Preparing VMware Cloud Foundation for Private AI Workload Deployment

As a cloud administrator, you must deploy specific software and configure the target VI workload domains so that data scientists and DevOps engineers can deploy AI workloads on top of VMware Private AI Foundation with NVIDIA.

VMware Components in VMware Private AI Foundation with NVIDIA

The functionality of the VMware Private AI Foundation with NVIDIA solution is available in VMware Cloud Foundation and certain versions of VMware Aria Automation, VMware Aria Operations and VMware Data Services Manager.


VMware Cloud Foundation Version	Versions of VMware Aria Components and VMware Data Services Manager
VMware Cloud Foundation 5.2.1	VMware Aria Automation 8.18.1 VMware Aria Operations 8.18.1 VMware Data Services Manager 2.1
VMware Cloud Foundation 5.2 Note: This documentation is based on VMware Cloud Foundation 5.2.1. For information on the VMware Private AI Foundation with NVIDIA functionality in VMware Cloud Foundation 5.2, see VMware Private AI Foundation with NVIDIA Guide for VMware Cloud Foundation 5.2.	VMware Aria Automation 8.18 VMware Aria Operations 8.18 VMware Data Services Manager 2.1

For information about the VMware Private AI Foundation with NVIDIA architecture and components, see System Architecture of VMware Private AI Foundation with NVIDIA.

Guided Deployment in the vSphere Client

Starting with VMware Cloud Foundation 5.2.1, you can fully set up the VMware Private AI Foundation with NVIDIA components by using the guided deployment UI in the vSphere Client.
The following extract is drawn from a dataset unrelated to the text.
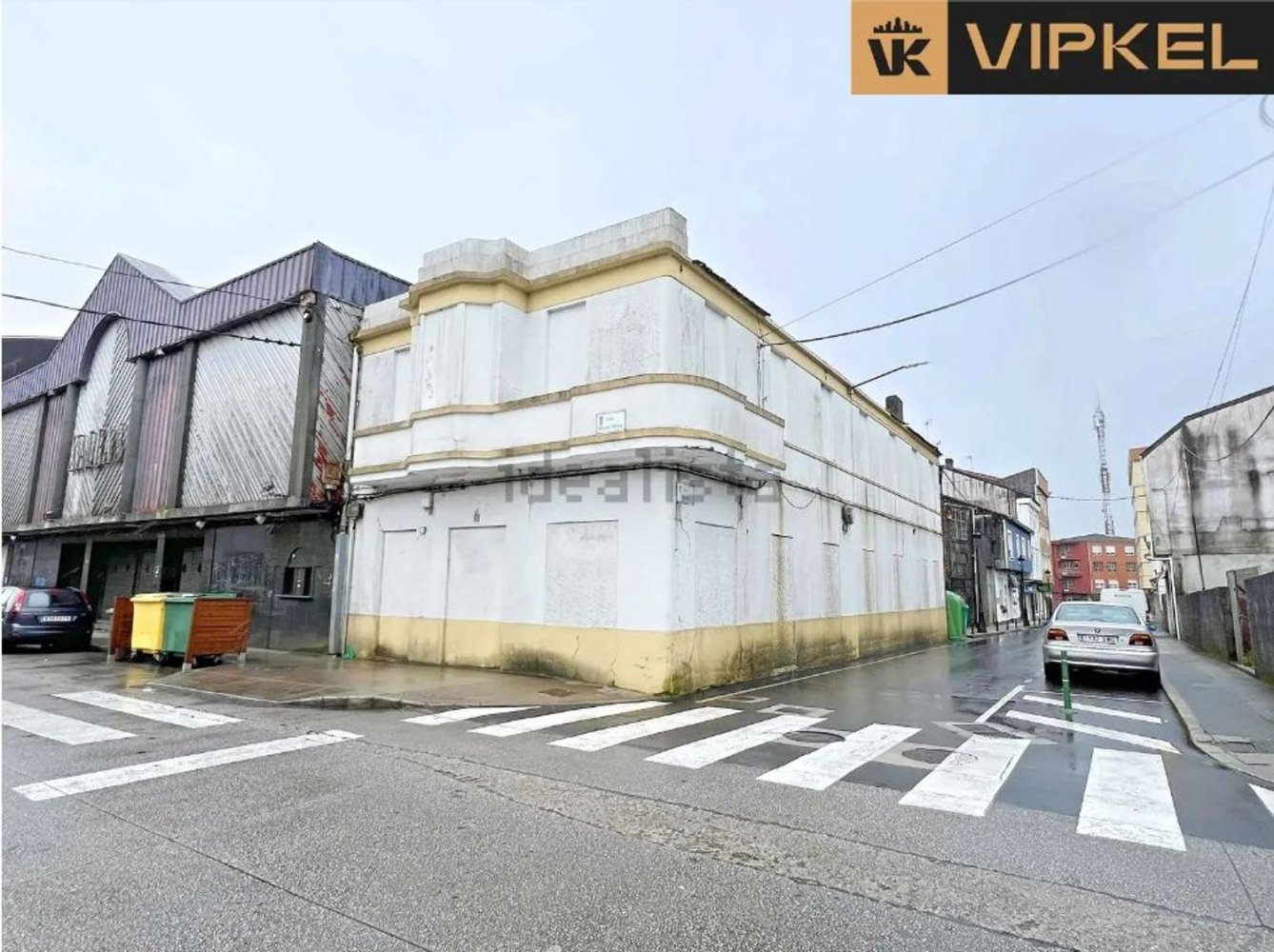 Bâtiment à Santa Comba, Spain 300m² No. 57360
The guided deployment UI connects to SDDC Manager to perform the requested operations.

To open the guided deployment for VMware Private AI Foundation with NVIDIA, follow these steps:

Log in to the management vCenter Server by using the vSphere Client at https://<management_vcenter_server>/ui as [email protected].
In the vSphere Client side panel, click Private AI Foundation and enter your VMware Private AI Foundation with NVIDIA license.
The license key is assigned to the management vCenter Server as a solution license.
Follow the wizard to complete the set up of VMware Private AI Foundation with NVIDIA according to the deployment workflows below.

Deployment Workflows for VMware Private AI Foundation with NVIDIA

The functionality of VMware Private AI Foundation with NVIDIA is based on a foundational set of components with additional components required to enable the deployment of one of the following AI workload type:

Deep learning VMs in general
AI workloads on a GPU-accelerated TKG cluster in general
RAG workloads as deep learning VMs or applications on GPU-accelerated TKG clusters
The deployment of a RAG workload extends the general approach for deep learning VMs and AI workloads on TKG clusters with the deployment of a pgvector PostgreSQL database and configuring the application with the pgvector database.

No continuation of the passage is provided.